ANáLISE DA NOTíCIA » A terceira guerra mundial

Thales Castro // Cientista político e internacionalista

Publicação: 16/04/2018 09:00

Logo de pronto, afirmo que não vejo a Síria como provável estopim para uma terceira grande guerra mundial. O título deste breve ensaio tem o objetivo, contudo, de chamar atenção para o xadrez sírio na política internacional, diante dos bombardeios nestes últimos dias, por parte dos EUA com apoio da França e Reino Unido.

O território da Síria representa arranjo geopolítico artificial com origem no mandato francês após a primeira guerra mundial (1914-1918). Independente em 1946, a Síria experimentou poucos momentos de estabilidade e paz. Inspirada pelo nacionalismo pan-arabista, a Síria tentou uma união fracassada com o Egito (1958-1961) por meio da República Árabe Unida. A Síria está fraturada em três grandes segmentos: o exército leal a Bashar al Assad, os rebeldes da Coalização Nacional Síria, reconhecida por mais de 130 países como legítima, e as ações terroristas do Estado Islâmico e da Al Nursa. Atualmente, detentora de área estratégica em razão da passagem de oleodutos para o ocidente, a Síria é tema sensível para a gestão Trump e para a ONU.

Em razão de vetos russos sobre a guerra civil síria no Conselho de Segurança da ONU desde 2011, a ação dos P3 (Frente Ocidental composta por EUA, França e Reino Unido no Conselho de Segurança) é reação também ao envenenamento do espião russo Serguei Skripal e mostra musculatura da aliança atlântica contra o eixo Moscou-Damasco. Além disso, reforça a união militar dos P3 contra as ações criminosas do regime de Assad com armas químicas contra sua própria população. Mesmo sem o aval do sistema multilateral e à revelia do Direito Internacional, acredito que os bombardeios concebidos por “cirúrgicos” são respostas à opinião pública, sobretudo conservadora nestes países, que clamava por uma punição à ditadura de Assad.

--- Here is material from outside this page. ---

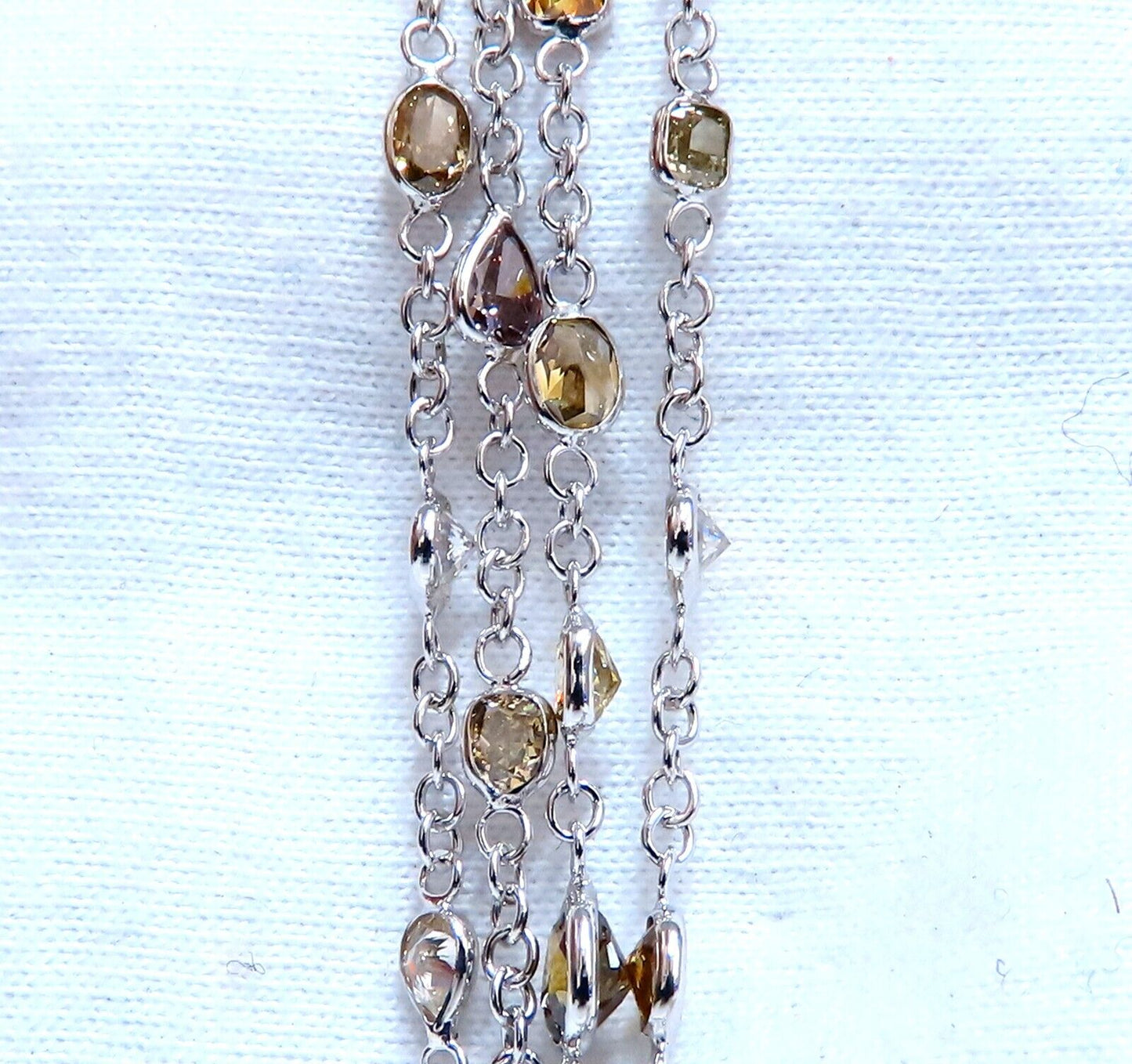 28.18ct Natural Multicolored Fancy Colored Diamonds Yard Necklace 18kt 3 Strand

Os pronunciamentos de justificativa para os bombardeios por parte da primeira-ministra inglesa do Partido Conservador, Theresa May, e do presidente Trump na sexta-feira são bastante reveladores: no fundo, esse alinhamento mostra que, diante da paralisia da ONU, os dois países decidiram agir em nome da comunidade internacional. A guerra civil na Síria, agora em seu sétimo ano, já exportou milhões de refugiados para a Europa e para países vizinhos do Oriente Médio e revela a face mais cruenta para a população civil que sofre, brutalmente, com a crise humanitária. Percebemos que os ares da Primavera Árabe, iniciada em 2011 na Tunísia com a queda de Ben Ali, não atingiram a Síria e dificilmente irão gerar mudança de regime em Damasco. Teremos, desta forma, ainda mais encruzilhadas e dilemas para a ONU e para os P3. Não vejo solução fácil e viável para esta persistente crise. Creio, por fim, que é necessário ter equilíbrio entre os princípios do Direito Internacional, expressos na Carta da ONU, com as razões de estado no pensamento realista da geopolítica dos P3. Estamos diante de uma nova guerra fria contra a Rússia: não creio. Embora não seja estopim para uma terceira guerra mundial, a Síria vai continuar produzindo, em escala maiúscula, sofrimento e dilemas para todos nesta aldeia global que, muitas vezes, fecha os olhos para a verdadeira tragédia anunciada – nada de novo debaixo do sol.